Это были страшные дни. Москва приготовилась к смерти. Покойный ныне Сергей Михайлович Федосеев21, возглавлявший в 1941-м отдел контрразведки Московского УНКВД, рассказывал мне, как был вызван тогдашним первым секретарем Щербако-вым22. Федосееву приказали заминировать все жизненно важные объекты: водозаборы, железнодорожные мосты, электростанции, заводы. Они должны были взлететь на воздух.
Скупые сводки НКВД донесли до нас обстановку того времени. Сумятицу и панику, которая охватила столицу.
Вот лишь краткие штрихи к событиям двух дней – 16 и 17 октября.

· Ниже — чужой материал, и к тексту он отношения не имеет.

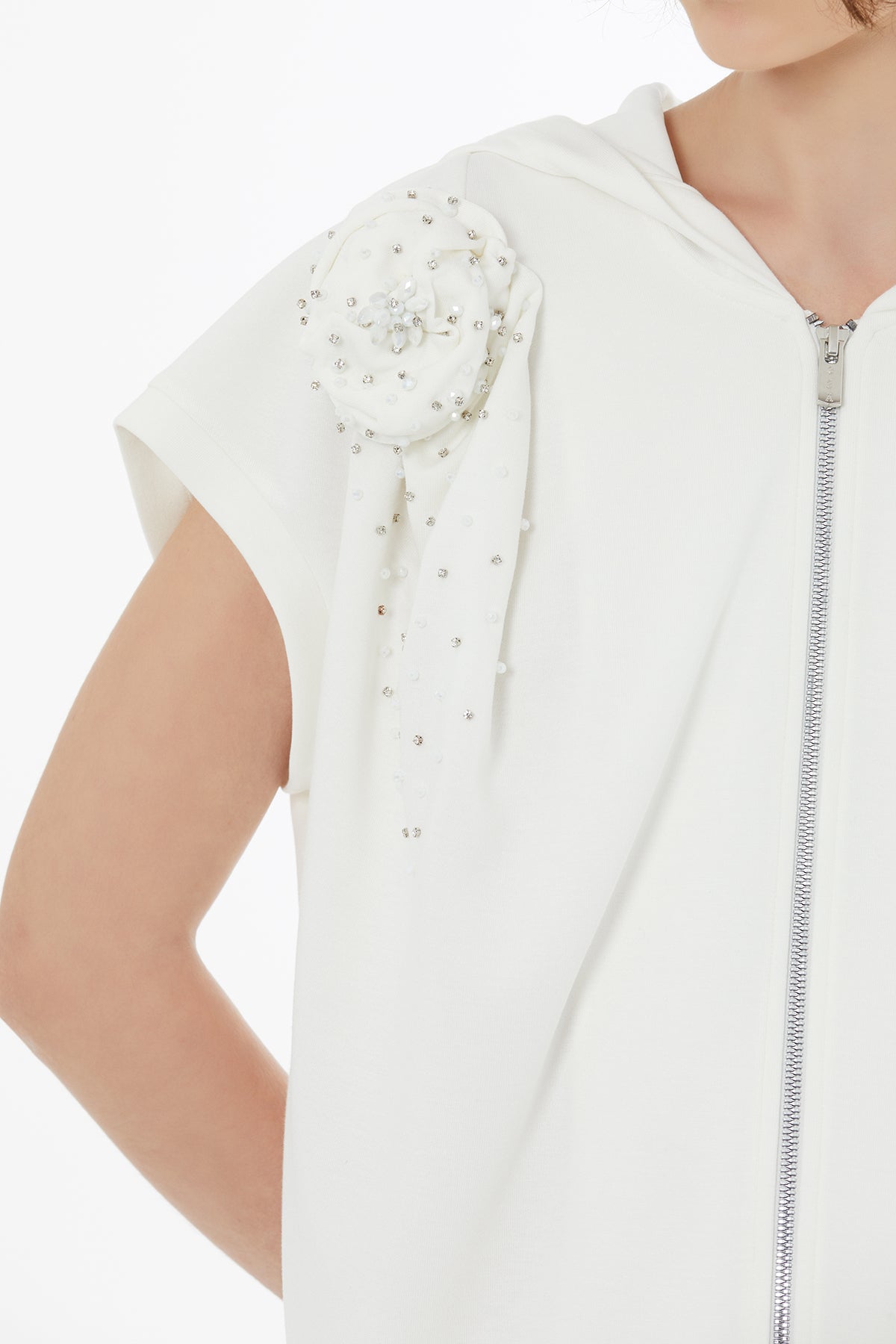 Ecru Rose Embroidered Sweatshirt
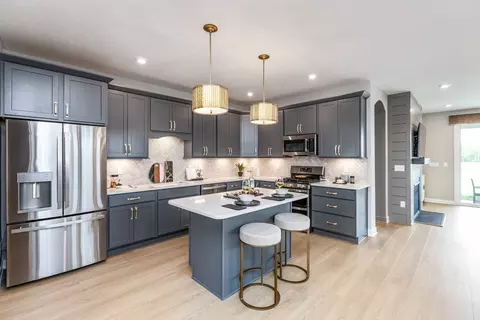 Kitchen - 3801 Circollo Dr, Covington, KY 41017 photo 4 of 10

Во дворе завода «Точизмеритель» им. Молотова в ожидании зарплаты скопилась толпа рабочих. Увидев автомашины, груженные личными вещами работников Наркомата авиапрома, толпа окружила их и стала грабить. Директор, главный инженер и зав. столовой сбежали.

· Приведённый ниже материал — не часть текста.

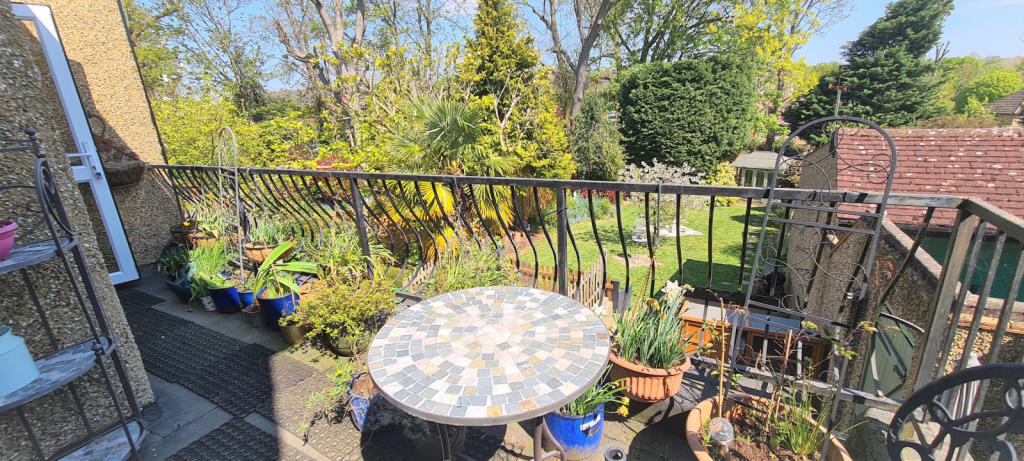 ROOF TERRACE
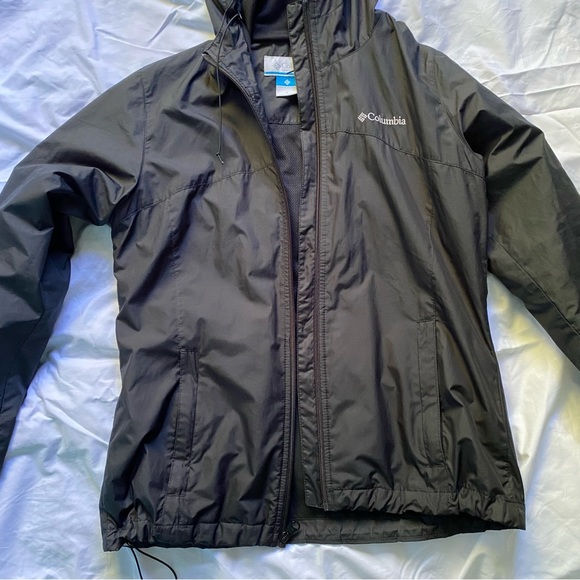Columbia Windbreaker - Picture 1 of 3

Группа рабочих завода № 219 напала на проезжавшие по шоссе Энтузиастов машины эвакуированных и начала захватывать их вещи. В овраг было свалено 6 легковых машин. Пом. директора завода Ры-гин, который, нагрузив машину большим количеством продуктов питания, пытался уехать, был зверски избит. В Мытищинском районе при таких же обстоятельствах толпа остановила и разграбила машины с эвакуированными семьями служащих горкома партии.
Рабочие мясокомбината им. Микояна, уходя из цехов, растащили 5 тонн колбасных изделий.

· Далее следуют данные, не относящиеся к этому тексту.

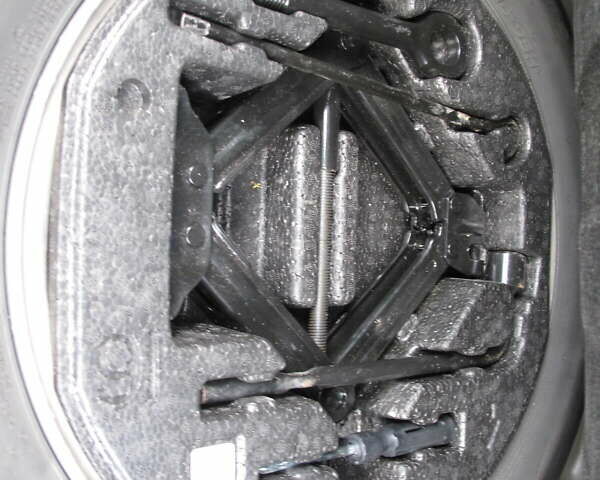 Чорний Хендай Соната, об'ємом двигуна 2 л та пробігом 370 тис. км за 13300 $, фото 35 на Automoto.ua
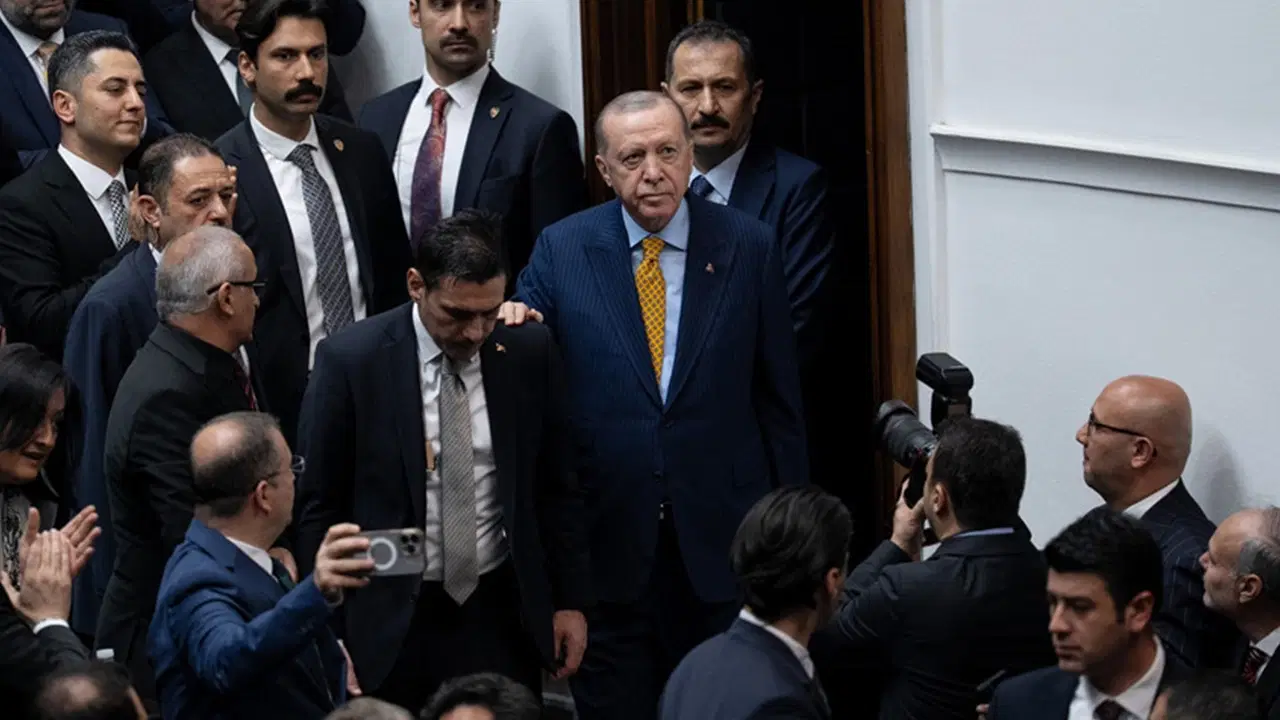 AKP'li Şamil Tayyar: CHP 40 parçaya bölünsün, sen ekonomiyi düzeltmezsen önümüzdeki seçimi kazanamazsın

На обувной фабрике «Буревестник» толпа рабочих снесла ворота и ворвалась внутрь. Аналогичные погромы произошли на кондитерской фабрике «Ударница», автозаводе им. Сталина, заводе «Моспластмасскож», ремесленном училище завода им. Сталина и многих других.
С завода № 156 ночью бежали директор, его помощник и начальник отдела кадров. В их отсутствие группа рабочих, взломав склад со спиртом, напились пьяными.
Около тысячи рабочих завода № 8 разграбили отправлявшийся с завода эшелон с семьями эвакуированных. В 13.30 на заводе возник пожар, полностью уничтоживший склад.
Группа грузчиков и шоферов, оставленных для сбора остатков имущества эвакуированного завода № 230, взломала склады и похитила цистерны со спиртом. В грабеже принимали участие зам. директора завода и председатель месткома. Избиты секретарь парткома и представитель райкома.
Полностью прекратили работу руководители райкома, райисполкома и других районных организаций гор. Перово.
По городу идет агитация с призывами убивать коммунистов и евреев. На многих домах появляются белые флаги…
…Фундаментом сталинской власти был страх. И стоило лишь пошатнуться фундаменту – все здание начало рассыпаться на глазах точно карточный домик.
Очевидцы вспоминают, что все помойки и свалки были завалены трудами Ленина-Сталина, портретами и бюстами вождей. Еще полгода назад любого, кто просто оказался бы невольным свидетелем такого святотатства, в минуту загнали бы за Можай. Теперь же никто на это не обращал даже внимания.